Pass explicit vertex count to mesh

I’ve been working on a webGPU implementation of a flocking simulation using compute shaders. I’m currently rendering millions of triangles using instancing with forcedInstanceCount but this isn’t the most efficient way as I know there’s a bit of overhead with instancing.

Not sure if I’ve missed it in the API but I was wondering if there was a way to set an explicit vertex count, similar to forcedInstanceCount but for a non instanced shader, my idea was just to manually pass a vertex buffer into the vertex shader and reuse that along with the computeBuffer values to render all the boids as one mesh.

I don’t think you need anything special here:

Just do mesh.setVerticesData("position", buffer) and you should be good. When we pass data to the GPU, we don’t pass a vertex count, we just set vertex buffers.

It’s the index buffer which will give the number of triangles to draw in the end.

I was thinking something similar to directx’s draw method where you can pass in the number of vertices.

I’ve used it in directx in the past with a vertex shader something like the below.

v2f vert(uint vertexID : SV_VertexID) {
        uint boidIndex = vertexID / 3;
        Boid boid = boids[boidIndex];
        v2f o;
        float3 pos = _Positions[vertexID % 3];
        rotate2D(pos.xy, boid.vel);
        o.vertex =  worldViewProjection * (pos * _Scale) + float4(boid.pos.xy, 0, 0));
        return o;
      }

Where _Positions is just a uniform buffer of length 9 which contains the 3 points of the triangle that are reused. This seems to be almost twice as fast as using instances when there are millions of triangles involved.

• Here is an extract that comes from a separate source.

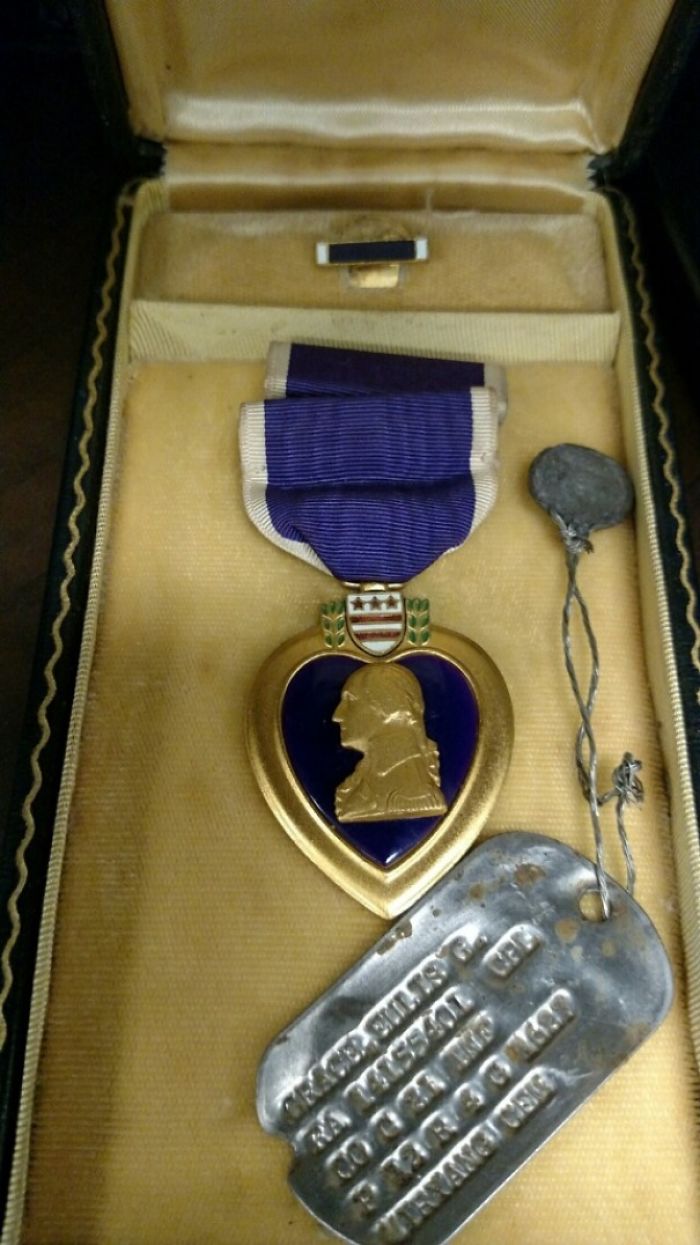 A Nice Couple Found My Great Grandpa's Purple Heart In A Forclosed Home In A Box Labled "Trash" And Returned It To My Family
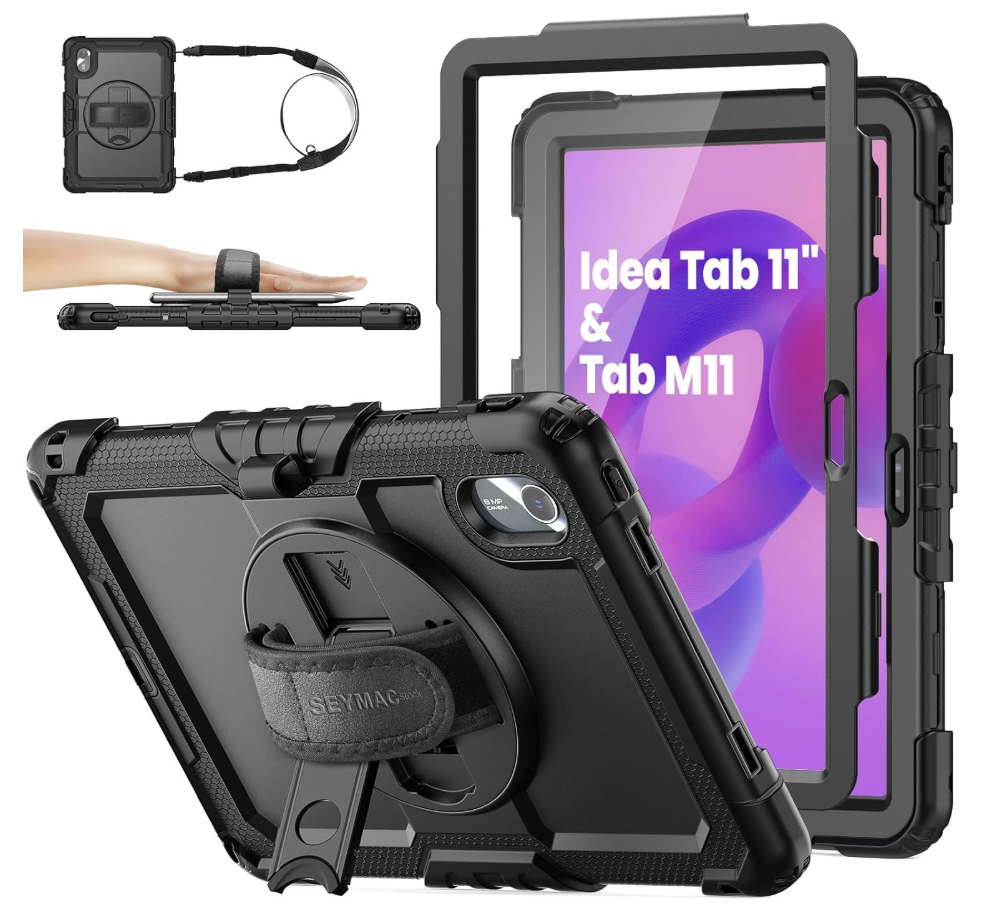 SEYMAC stock Tablet Case for Lenovo Idea Tab 11'' / M11 (TB336FU/TB330FU) 11 inch Drop-Proof Protection Cover with 360° Rotate Stand & Strap [Pen Holder] & Screen Protector 2025/2024, Black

I understand I could do an indexed draw too but would you be able to further clarify how I’d go about doing it without making an index buffer thats millions of items long? It really only needs to be of length 3 which I can then reuse with something like the above shader.

I’ll take a look at it as soon as I can, but probably not until next week, as we are about to release the new v6 version!

All good I managed to work it out! Did it by doing the following:

var boidMesh = new Mesh("custom", scene);
boidMesh.setVerticesData(VertexBuffer.PositionKind, [0]);
boidMesh._unIndexed = true;
boidMesh.subMeshes[0].verticesCount = numBoids * 3;

When rendering millions of triangles like this using instancing seems to have a bit of overhead as it almost halves the frame rate, so this lets me just render directly from the positions in the storageBuffer as one big mesh.

Works smoothly now even with 8 million boids! my new limitation is that it seems the storageBuffer size limit is 128mb, is there a way I can increase this somehow?

It’s good that you found a way!

You should avoid accessing private variables, though, as they might be renamed/deleted in future versions. Instead, you can do: mesh.isUndexed = true;

The default WebGPU limits are quite low (see WebGPU) but you can request higher limits by filling in the deviceDescriptor property of the options parameter you pass to the constructor.

To simplify things, we’ve added the setMaximumLimits property to the option object, which will set the maximum limits supported by your browser/GPU (there’s also the enableAllFeatures property which will enable all extensions supported by your browser/GPU). The playground is to set both properties to true.

Note that Chrome does not yet implement all limits correctly (for example, Chrome says 60 for maxInterStageShaderComponents but my GPU supports more).